*Goal of the exercise*
Please copy exactly the lines from the first in the records through the line that contains "Une chambre moderne", but not the pictures.

*Data supplied*
[Start of section]

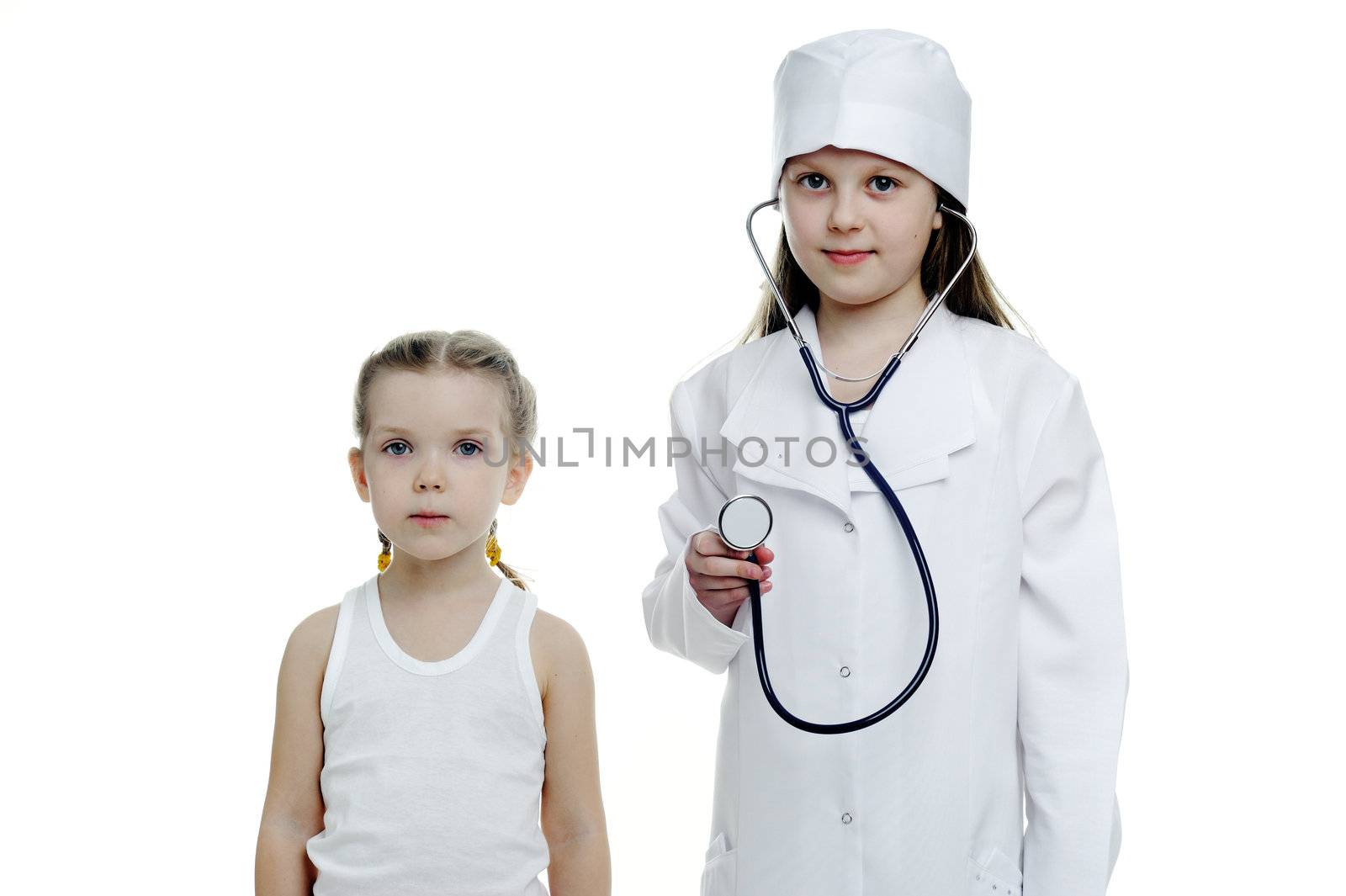 An image of two little girls playing doctors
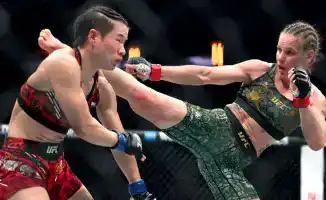 Валентина Шевченко побеждает Вэйли Чжан на UFC 322: символ силы и единства женщин в спорте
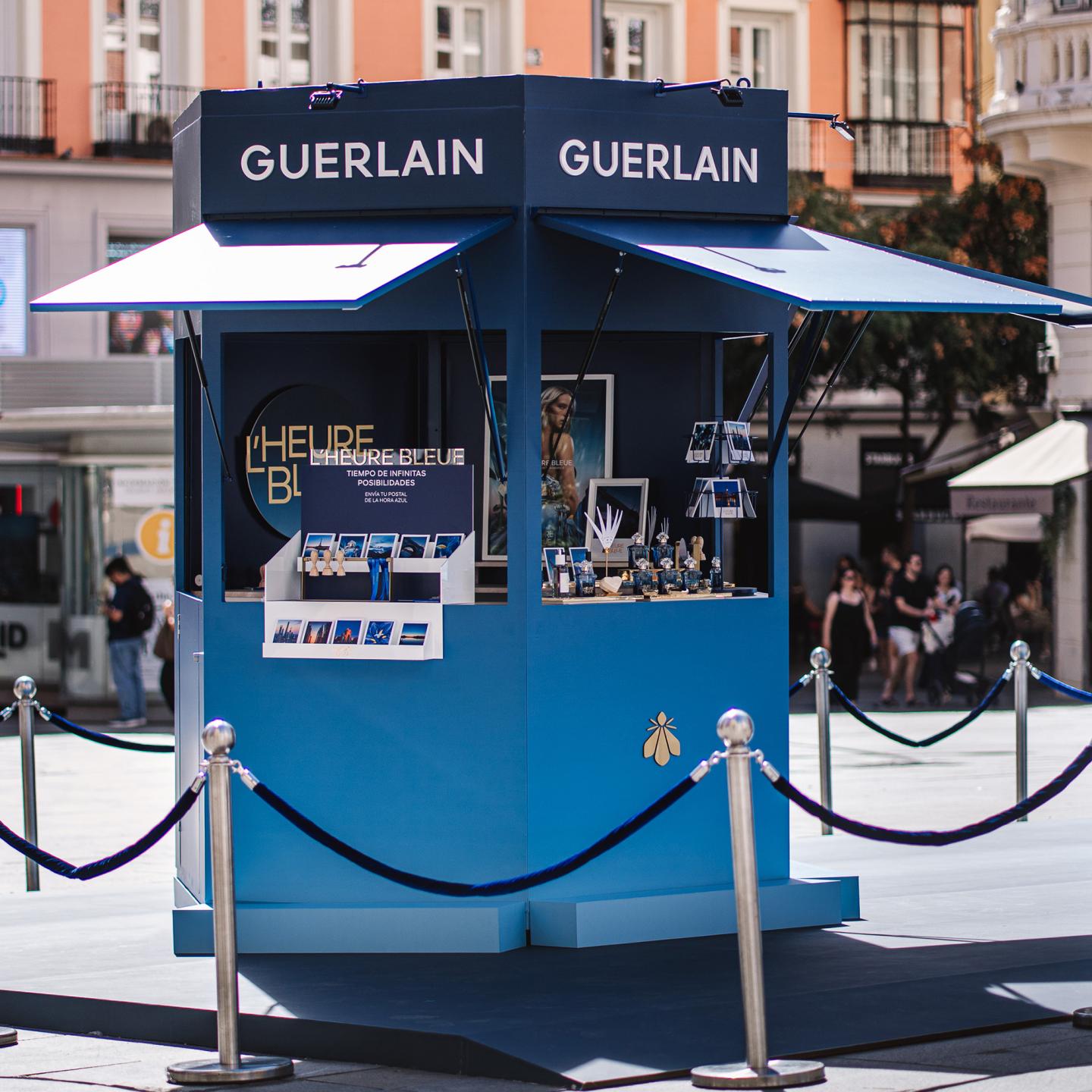 Side view of the blue Guerlain kiosk promoting L’Heure Bleue, with open awnings, product shelves and visitors in the background on Plaza Callao.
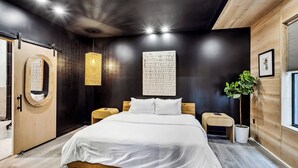 Une chambre moderne avec un grand lit, une tête de lit en bois, un luminaire suspendu, une petite table de chevet et une plante en pot.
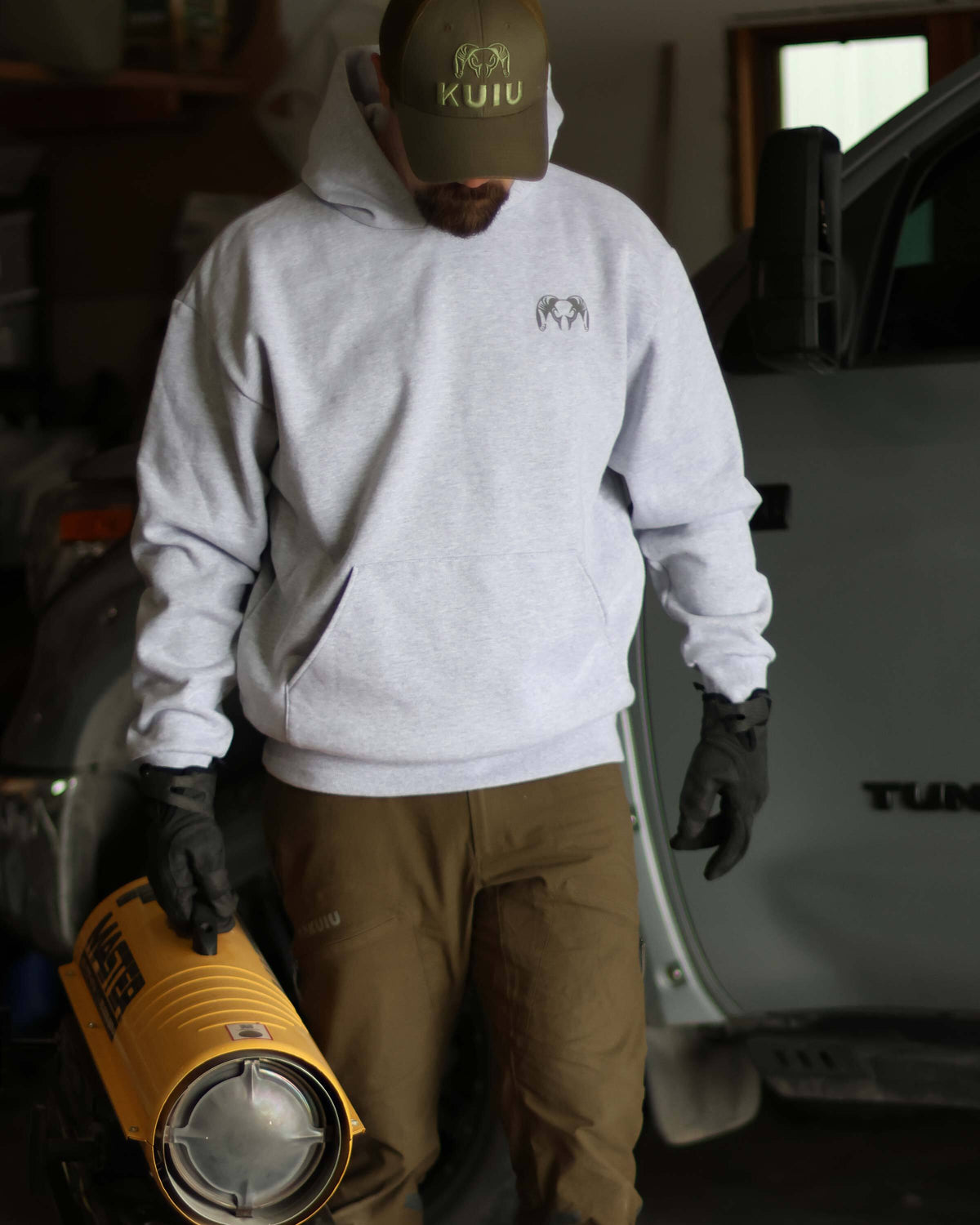 Man carrying a Master Diesel/Kerosene SilentDrive Forced Air Heater, wearing Workgrade Heavyweight Hoodie Heather Grey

[End of section]

*Solution to the exercise*
 An image of two little girls playing doctors
 Валентина Шевченко побеждает Вэйли Чжан на UFC 322: символ силы и единства женщин в спорте
 Side view of the blue Guerlain kiosk promoting L’Heure Bleue, with open awnings, product shelves and visitors in the background on Plaza Callao.
 Une chambre moderne avec un grand lit, une tête de lit en bois, un luminaire suspendu, une petite table de chevet et une plante en pot.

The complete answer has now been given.